Prototype machines are already able to cool down a beverage whether in bottle or can to 39ºF from room temperature in 45 seconds or less. The drink container is immersed in chilled water and spun to create a Rankine vortex in the bottle.
The Enviro-Cool website describes how it works. "The team found that by rotating the beverage at a certain speed to create a Rankine vortex the carbonated liquid could be mixed without disruption to the bubbles of carbon dioxide. The team also discovered that by simply rotating the beverage the vortex behaved like a solid, with the outer liquid cooling faster than the inner liquid. Tests showed that cooling rates could be improved by collapsing the vortex and then recreating it; this was achieved by a stop start rotational sequence … Further tests revealed that it was possible to interrupt the vortex without stopping the rotation. This was achieved by rotating the beverage around twin axes." The contents do not become slush nor do they fizz out when opened.
Homeowners will no longer have to throw drinks in the freezer to chill them faster when they have run out of cold ones.

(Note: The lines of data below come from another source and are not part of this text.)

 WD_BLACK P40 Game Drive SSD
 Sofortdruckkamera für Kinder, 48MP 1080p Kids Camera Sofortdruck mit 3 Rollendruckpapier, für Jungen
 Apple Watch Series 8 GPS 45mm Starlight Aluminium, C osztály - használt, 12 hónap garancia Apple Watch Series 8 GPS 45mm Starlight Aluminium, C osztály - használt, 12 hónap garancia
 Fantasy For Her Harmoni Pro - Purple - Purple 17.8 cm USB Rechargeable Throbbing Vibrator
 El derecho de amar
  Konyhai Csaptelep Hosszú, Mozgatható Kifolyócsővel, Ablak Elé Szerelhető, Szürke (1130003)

A "cool idea" would be to have a version that could plug into vehicles like the old baby bottle warmers but no mention was made of plans for this.
The commercial model in stores will allow customers to remove a warm beverage from off the shelf, place it in the cooling machine and have a cold drink almost immediately. Stores will not have to maintain constantly so many chilled drinks on hand. According to the Rapidcool consortium, "Results show energy savings of over 80 percent compared with some standard open front drinks chillers and a 54 percent saving compared with glass door coolers (figures based on cooling 200 x 500-ml cans per day)." Some more fossil fuels can remain unused.
The consortium of companies from the U.K., Spain, Slovenia, and the Netherlands developing the technology under the Rapidcool project were funded by the European Union with a €932,000 grant to get a commercial product. Watch the video about the project. Consumer trials began in a Dutch supermarket in October 2013.
In the United States for home use on one beverage at a time, you can get the electric Cooper Cooler from Amazon for less than $70, a Kickstarter Spin Chill which works on a power drill, or keep a tub of antifreeze in the freezer for quick chilling but be careful to clean off all antifreeze.